For most of his reign, in fact, several Roman Senators constantly plotted against him. Some even spread false rumors about Tiberius as a sexual deviant in an effort to discredit him.
So when the Emperor was finally on his deathbed, his enemies were relieved. Hours later, though, they panicked when Tiberius appeared to be recovering from his illness.
It was at that point that a Praetorian Guard commander named Quintus Macro, who had a sacred duty to protect the emperor, allegedly smothered Tiberius with a pillow, finally ending the political chaos.
Even in death Tiberius was controversial. Some Romans cried out for his body to be thrown in the Tiber River (a common ritual for criminals), while others demanded that his body receive divine rights of a god.
The Senate refused to provide divine honors, and wasted no time moving on from Tiberius. Two days later on March 18th, they appointed a young nobleman named Gaius Germanicus as the new Emperor.
Germanicus was better known by his nickname— Caligula.
Caligula was supposed to be the anti-Tiberius. And that was essentially the reason they appointed him—to simply NOT be Tiberius.
And at first many Romans, especially those who hated Tiberius, were overjoyed with their new emperor.
Even foreign leaders were happy; the writer Philo, who lived in Egypt at the time, said that “everyone in all the world, from the rising sun to the setting sun” respected Caligula.
And initially Caligula delivered on his reputation; he revoked the tax cuts that Tiberius had passed, increased welfare payments to the poor, and made efforts to reform the election process.
But it wouldn’t be long before Caligula proved to be an epic disaster.
Within a few years Caligula was spending money at an alarming rate. He had nearly blown through the massive, record surplus left to him by Tiberius, and soon began to confiscate the properties of wealthy Roman citizens in order to make end meet.
Anyone who crossed him or questioned his methods was harassed, arrested, or even executed by the Praetorian Guard.
We also know now that Caligula suffered from a serious mental disorder, which historians today believe could have been encephalitis, temporal lobe epilepsy, or dementia.
That certainly accounts for his bizarre decision-making, like one of his more infamous exploits in AD 39.
Caligula came up with the genius idea of building a bridge between the coastal cities of Puteoli and Baiae.
Inspired by the Persian Emperor Xerxes’ approach of crossing the Hellespont in 480 BC while at war with the Greeks, Caligula commandeered nearly every merchant ship in the Roman Empire for his ambitious project.
He then had all the ships line up side-by-side, forming a continuous path across the bay between the two cities.
The ships were then mounted with planks and covered with dirt, essentially creating a floating, artificial land bridge.
Caligula’s bridge was certainly a marvel of Roman engineering. The problem, of course, is that there were virtually no remaining merchant ships left in the empire to transport goods.
Rome at the time was by far the world’s largest economy, and the largest consumer market.

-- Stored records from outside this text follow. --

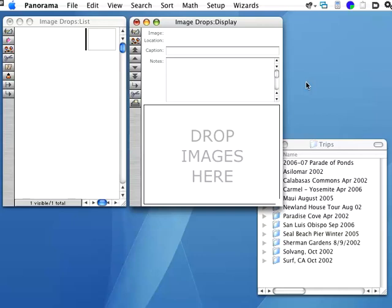With Panorama 5.5, you can add images to a database by simply dragging them from the Finder and dropping them on a form in your database.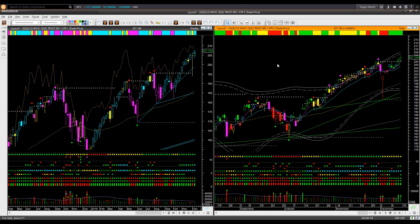NASDAQ ETF QQQ — similar picture, same conclusion. Price made a new all time high. It is overbought in the weekly chart and overbought in the daily chart, where it is close to the upper boundary level. I will avoid taking any new long trade. If you entered a long trade earlier, you may continue to hold that with a trailing stop.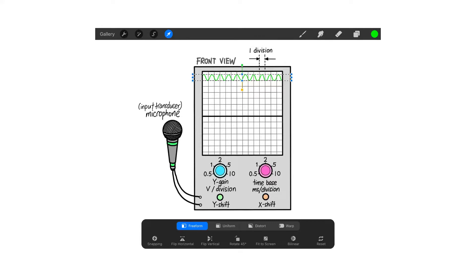In this last video on the CRO, we will see how using the four controls — Y gain, time base, Y shift, and X shift — when you connect to a voltage source, you can make the display more presentable on the screen so that you can take the reading much more easily.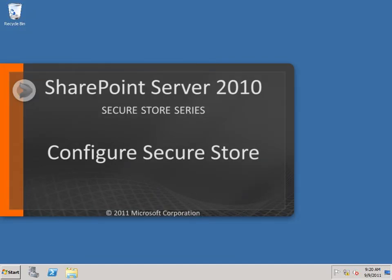In this video, we're going to take a look at how to configure the SecureStore service in SharePoint Server 2010.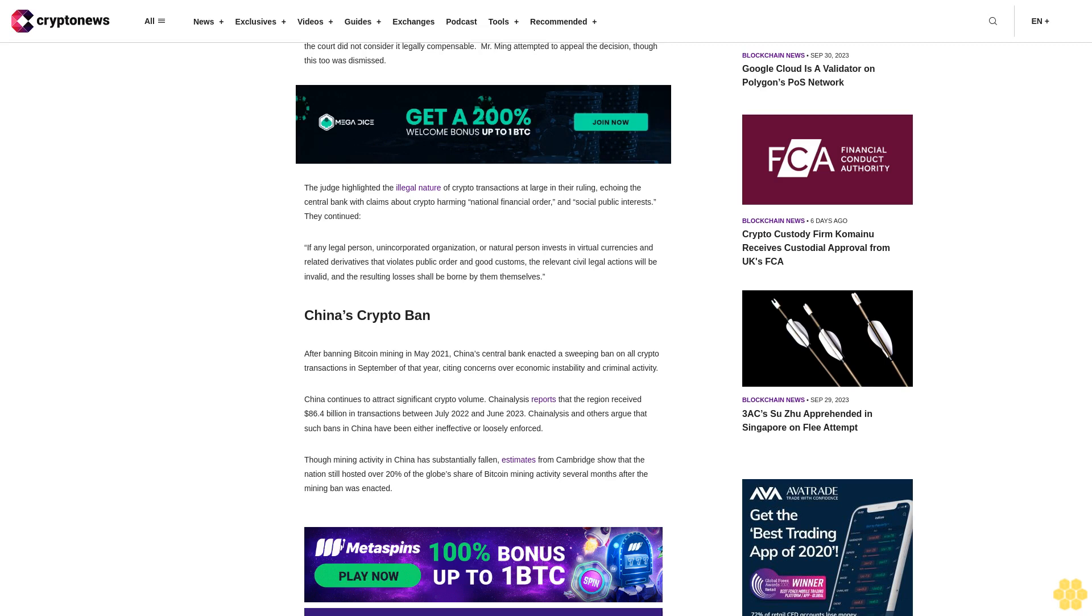China continues to attract significant crypto volume. Chainalysis reports that the region received $86.4 billion in transactions between July 2022 and June 2023. Chainalysis and others argue that such bans have been either ineffective or loosely enforced.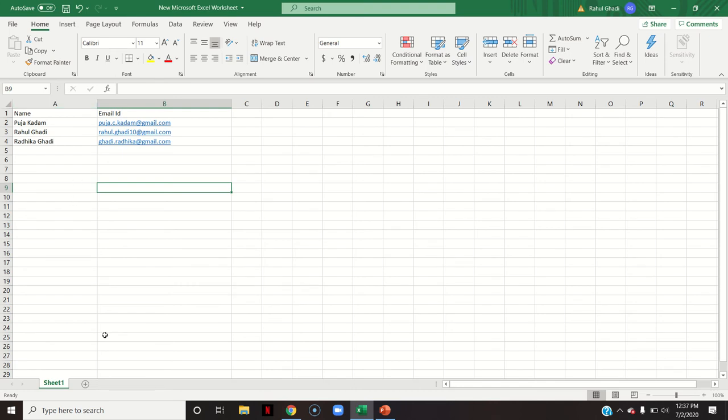You need the names and the email IDs in this format: the name and email ID. I'm preparing this for an example. You might have n number of names and n number of email IDs of which you are supposed to make a group on Gmail.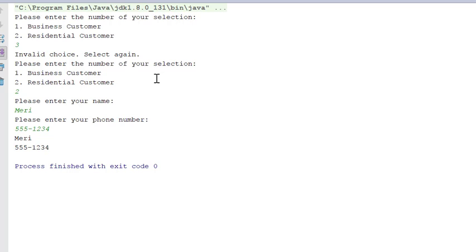So you should make sure to include all of these components in your homework program. You should do the error checking. You should include some comments to describe the program. And you should make sure it works roughly the way this one does here.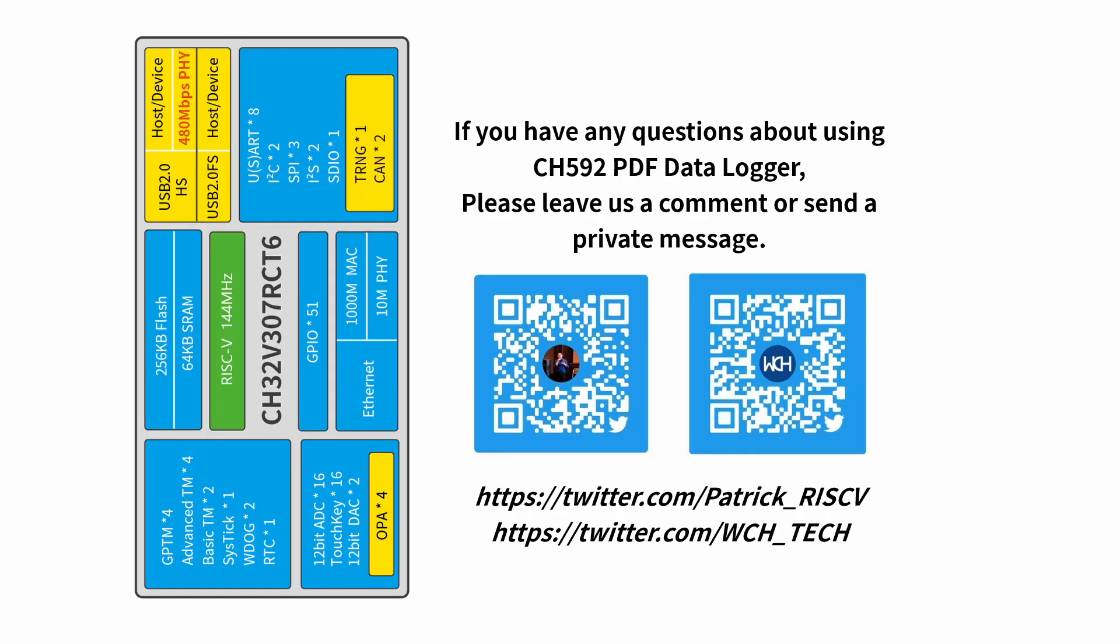That's it for today. If you have any questions, please leave them in the comment section below. If you want to get in touch with us or contact us, you can contact Patrick Yang on Twitter, and you can also contact us on Twitter. The links are shown in the video right now, or you can scan the QR code. Thank you.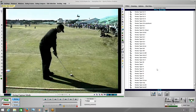Tonight's lesson is going to be about three really primary things of the downswing — from transition through the ball — as far as what's most important and what you're really looking for.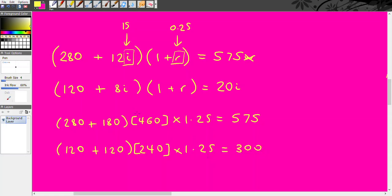So these ones here, these are the total prices of the inputs. This is the total profit rate. So in this sector, 575 minus 460, so here these people are getting 115 wheat as the surplus. And over here the iron industry is getting 60 wheats as surplus.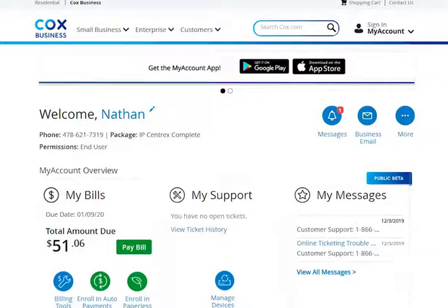Frequently used features are available from your dashboard and are listed under Top Features based on your subscription and security level.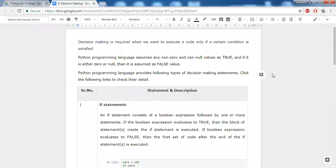In this chapter, we'll be looking at decision-making statements. Decision-making statements are used when you want to decide whether a condition is true or not, and based on that output, execute a certain set of lines of code. If a condition is true, one set of code will be executed; if a condition is false, another set of code will be executed. This is what we call decision-making statements.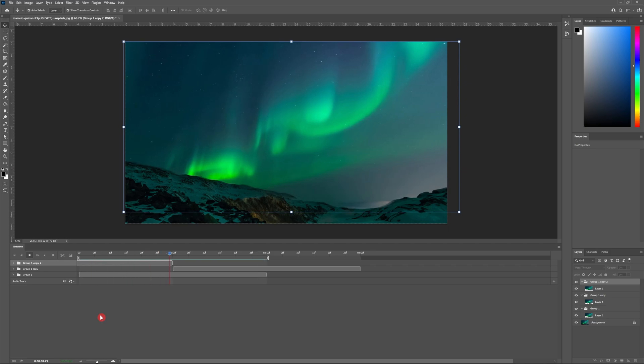I'm really happy with how my northern lights look but clearly there's something strange happening with the mountains. So let's go ahead and fix that quickly.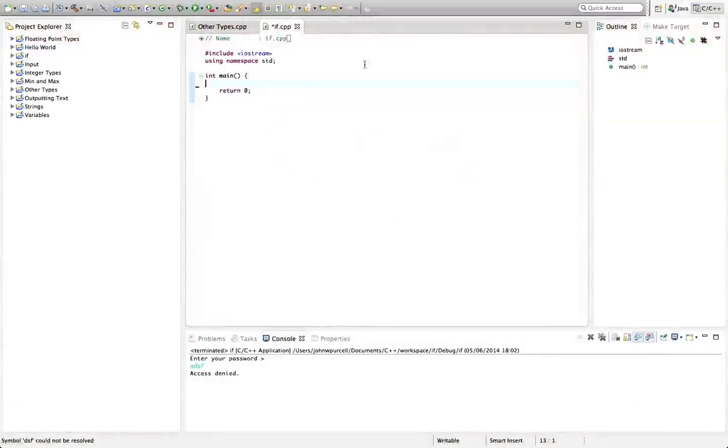Hello, this is John from caveofprogramming.com. Welcome to another C++ for complete beginners tutorial.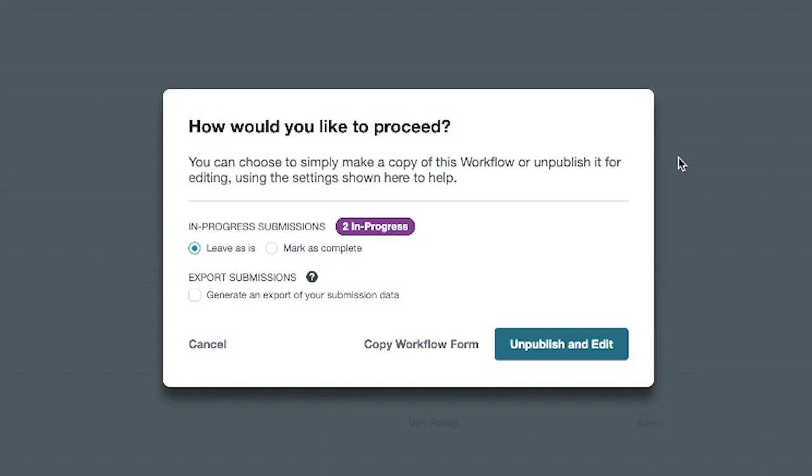If you currently have in-progress workflow submissions, you'll be asked what you'd like to do with those submissions on the same page. You can either leave as is, or you can mark all of the submissions as complete. Marking all in-progress workflows as complete can help avoid missing data for in-progress workflows, especially if too much is altered on the form.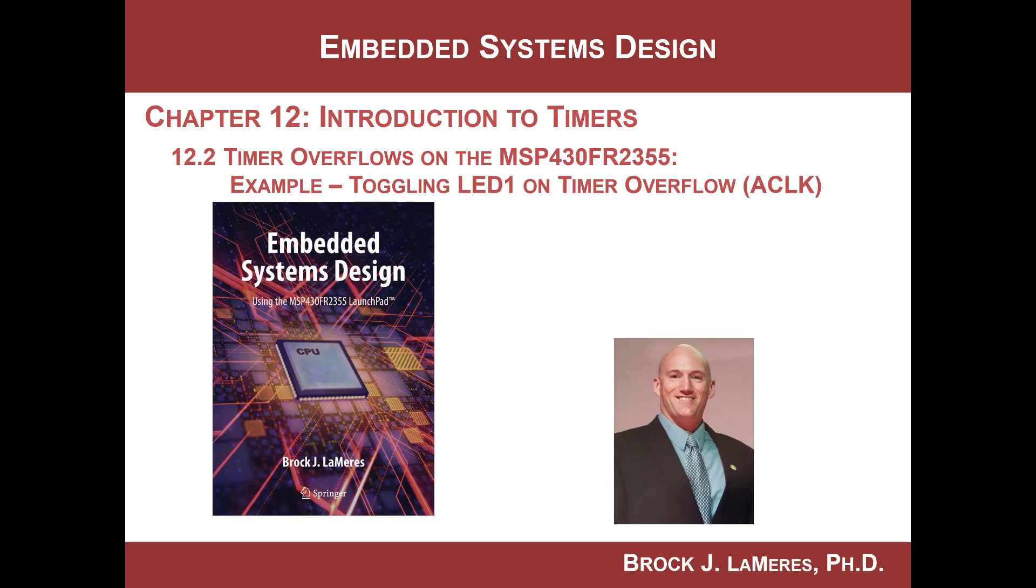Hey, this is Brock Lemires. We're continuing our study of embedded systems design. We are looking at timers, and in this video, we are actually gonna do an example program which will set up timer B0 on the MSP430FR2355, and we are gonna set it up to generate an interrupt every time we get an overflow on the counter. And we're gonna clock the counter with ACLK, and every time it overflows, we will toggle LED one.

The city of Rome boasted a population of more than 1 million people—a record that would not be surpassed for more than 18 centuries.
And coupled with Rome’s significant engineering advances in roads and shipping, ancient Romans enjoyed a global supply chain that was unprecedented in its efficiency.
Roman markets boasted beef and wine from Sicily; oils from North Africa; ivory and spices from Ethiopia; fish and ham from Spain; clothing and cheese from Gaul (France); leather and oysters from Britain; goose liver from Belgium; amber and fur from Germany; silk and honey from Greece; wool and parchment from Turkey; figs and dates from Arabia…
The list goes on and on. As the ancient Greek author Aelius Aristides wrote, “Whoever wishes to see all the goods of the world must either journey throughout the world, or stay in Rome.”
Then Caligula decided to commandeer all the merchant vessels… and wouldn’t you know it? Poof. Supply chain disruption.
Suddenly there were no ships available to transport goods, including food, to the Empire. And as a result there was widespread famine in Rome.